With the rise of cloud-based data management solutions, the information technology industry’s landscape has been dramatically altered. Some say this isn’t necessarily the best thing for IT, though. The big worry is that traditional processes will be automated so much in the cloud that these formerly crucial IT positions will all but disappear. There are plenty of solid arguments on both sides of this debate, but the questions still beg to be asked, how will jobs be affected by the cloud takeover, and should every company adopt cloud-powered infrastructure? The answers to these questions will undoubtedly inform how the IT industry will shift in the years to come.

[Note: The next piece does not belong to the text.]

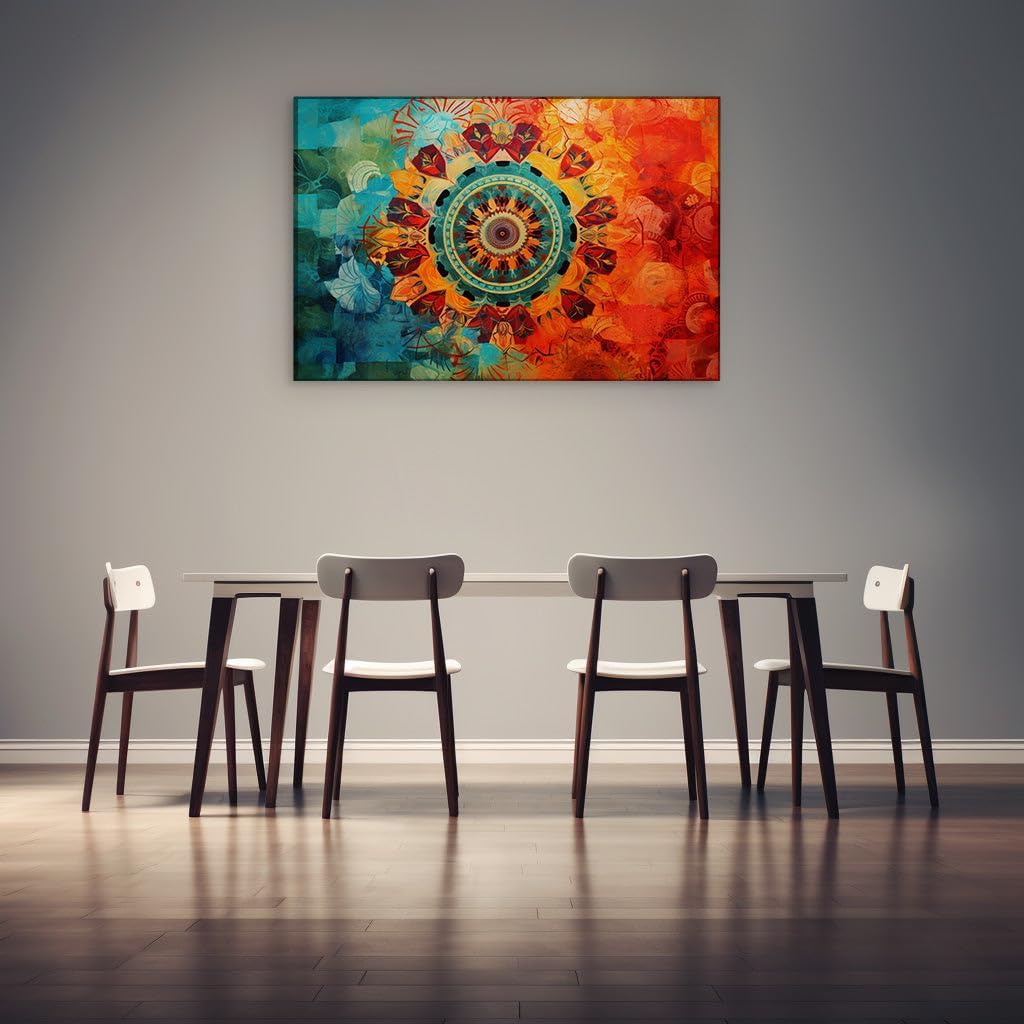 Canvas for Living room. Mystical Mandala Infusion - A Tapestry of Vivid Hues and Natural Elegance, 27 x 18 inch Canvas Wall Art - Contemporary Masterpieces - Modern Home Decor - 69x46 cm (27x18 inch)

Cloud Computing & Systems Administrators
It’s important to understand how cloud technology will affect IT systems from an administrator perspective. If you can answer this, you can make more educated decisions relating to full-scale cloud adoption. The reality is that cloud technology will not affect systems administrator positions negatively, but it will evolve them. Their responsibilities will begin to shift to focus on more cloud-centric responsibilities. This is the outlook for most of the cloud industry. IT pros will need to be well versed in cloud systems, business analysis and cloud app engineering and deployment. Companies will no longer look for specialists, but rather the new systems administrators will be jacks-of-all-clouds of sorts.

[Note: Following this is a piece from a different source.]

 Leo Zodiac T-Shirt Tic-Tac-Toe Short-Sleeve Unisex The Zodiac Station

Pros & Cons of Cloud Adoption
Cost Reduction – Cloud computing reduces the amount of paperwork involved in IT. Since you don’t have to buy your own hardware, purchasing budgets are significantly reduced. In some cases, which is bad for the IT industry, companies can reduce their own IT staff.

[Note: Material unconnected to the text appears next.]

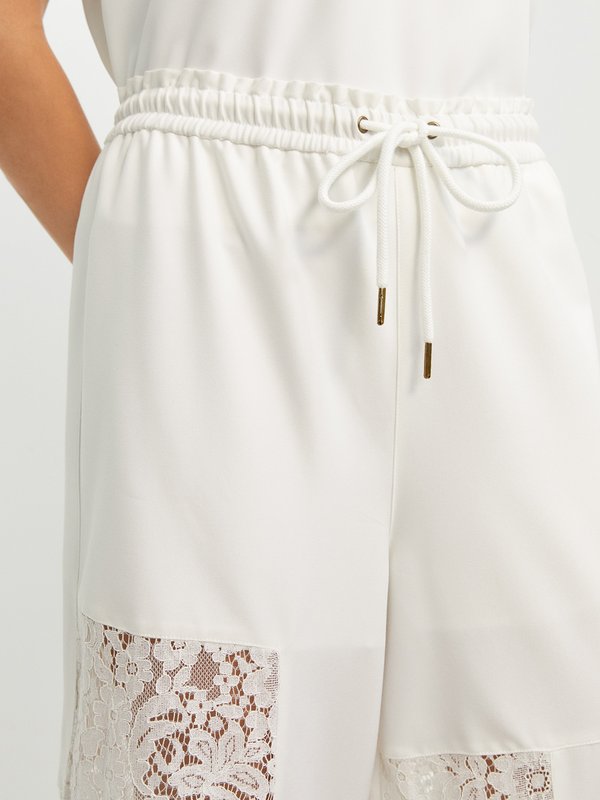 Pomelo Pomelo Lace Panel Wide-Leg Trousers - White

Scalability – Cloud services allow you to pay for only what you use. This means that as your organization grows or shrinks, you can expand or reduce cloud services easily.
Seamless Collaboration – Cloud services can be accessed any time, anywhere and from multiple devices. This allows IT professionals to work together on projects regardless of geographical location.
Availability – There’s always the concern that certain cloud-powered servers are not reliable. What happens when a major server goes down? Does your service go down with it? These are important questions to explore as you consider full-scale cloud adoption.
Data ownership – Another big concern is with data ownership. The question is whether or not you can recoup all of your data once you terminate a service agreement with a cloud service provider.
Privacy/Security – Security is easily the most pressing issue with cloud skeptics. Are cloud companies collecting your data for their own use? Are cloud servers robust enough to handle large-scale security breaches?
Not Every Company should Use Cloud Tech
For data-heavy companies, cloud computing seems like a godsend. The truth is that there is a high demand for powerful cloud-based storage solutions, but the resources to house and manage big data is still lacking. With the cost of flash storage coming down it’s not hard to imagine that many companies will ditch the cloud in favor of in-house storage systems. If companies could house and manage sophisticated data sets quickly and efficiently with flash storage would they? The answer seems to be a resounding, yes!